Both the White House and the Chinese foreign ministry did not immediately respond to a Reuters request for comment.
Ties between China and the United States deteriorated sharply under former U.S. President Donald Trump, and the Biden administration has maintained pressure on China on a range of issues from Hong Kong and the Xinjiang region to the origins of COVID-19.
China has also been angered by increased U.S. support for Taiwan, believing the United States is colluding with forces there seeking the island’s formal independence, a red line for Beijing.
“Our commitment to Taiwan is rock solid and contributes to the maintenance of peace and stability across the Taiwan Strait and within the region,” White House spokeswoman Jen Psaki told reporters on Monday.
“We have been clear privately and publicly about our concern about the PRC’s (People’s Republic of China) pressure and coercion toward Taiwan, and we will continue to watch the situation very closely,” she said.
Trade tensions are also at the top of the U.S.-China agenda, with U.S. Trade Representative Katherine Tai traveling to Paris Monday to participate in Organization for Economic Co-operation and Development meetings later this week.
On Monday, the USTR unveiled the results of a months-long “top-to-bottom” review of China trade policy, pledging to hold “frank” talks with Beijing about its failure to keep promises made in Trump’s trade deal and end harmful industrial policies.

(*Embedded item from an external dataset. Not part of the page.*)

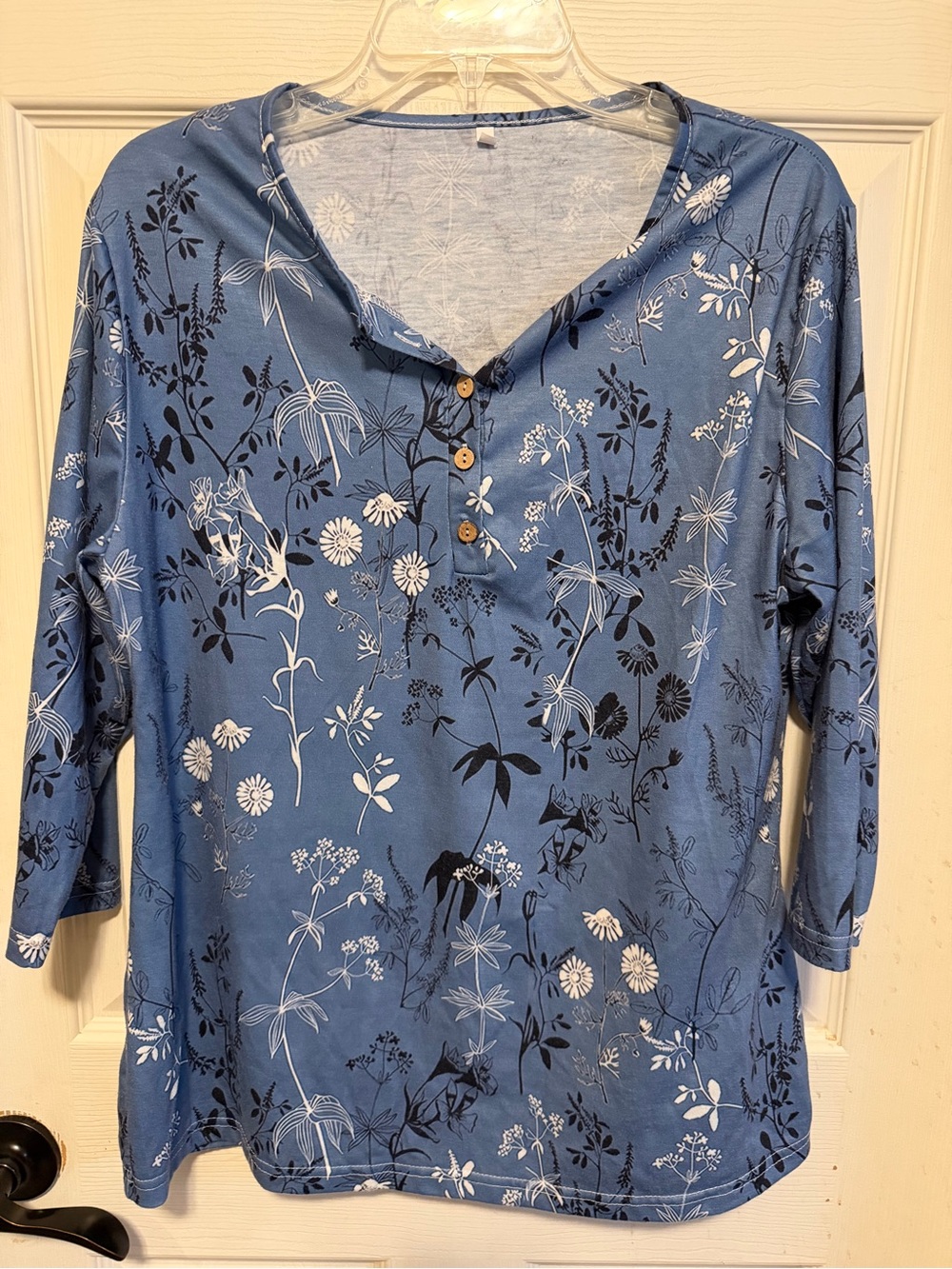 Women's Blue Floral Print 3/4 Sleeve Tunic Top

The Global Times, a tabloid published by the ruling Communist Party’s official People’s Daily, said in a commentary China was willing to build mutually beneficial trade with the United States but would not make concessions on principle and was not afraid of a drawn-out contest.
“The China-U.S. trade war has lasted for more than three-and-a-half years. Instead of being weakened, China’s economy has taken a step forward in comparison with the scale of the U.S.,” it said.

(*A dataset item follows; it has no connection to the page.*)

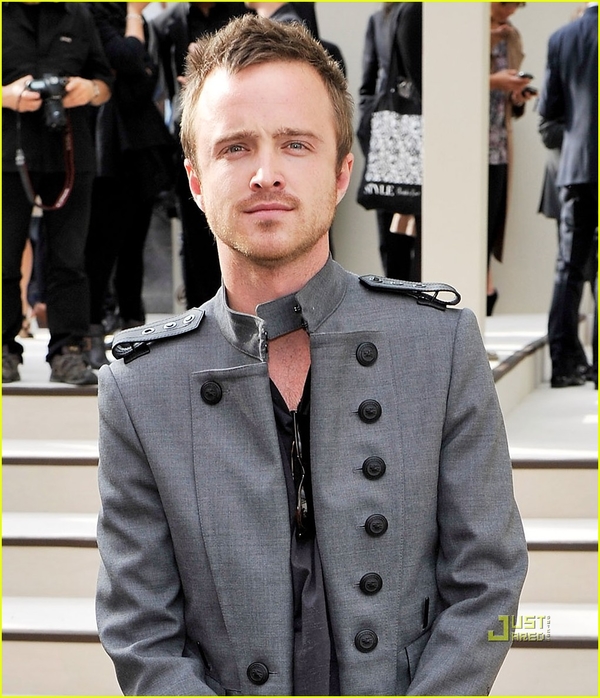 Звезда сериала Во все тяжкие помог фанату с предложением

The meetings this week will be yet another round of in-person talks between officials from the two powers since Biden took office, with little in the way of concrete progress in the earlier sessions.

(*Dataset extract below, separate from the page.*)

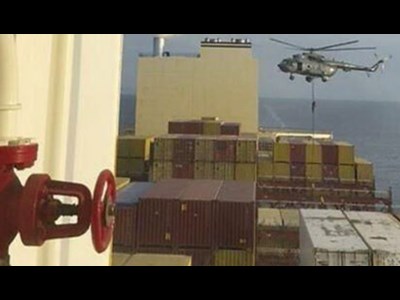 توقیف کشتی رژیم صهیونیستی توسط نیروی دریایی سپاه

In late July, Deputy Secretary of State Wendy Sherman, the second-ranking U.S. diplomat, held face-to-face meetings with Xie Feng, a Chinese vice foreign minister, in the Chinese port city of Tianjin.
No specific outcomes were agreed and the prospect of a meeting between Biden and Xi was not discussed, senior U.S. administration officials said at the time.
In March, during high-level talks in Alaska, Chinese officials including Yang Jiechi railed against the state of U.S. democracy, while U.S. officials accused the Chinese delegation of grandstanding.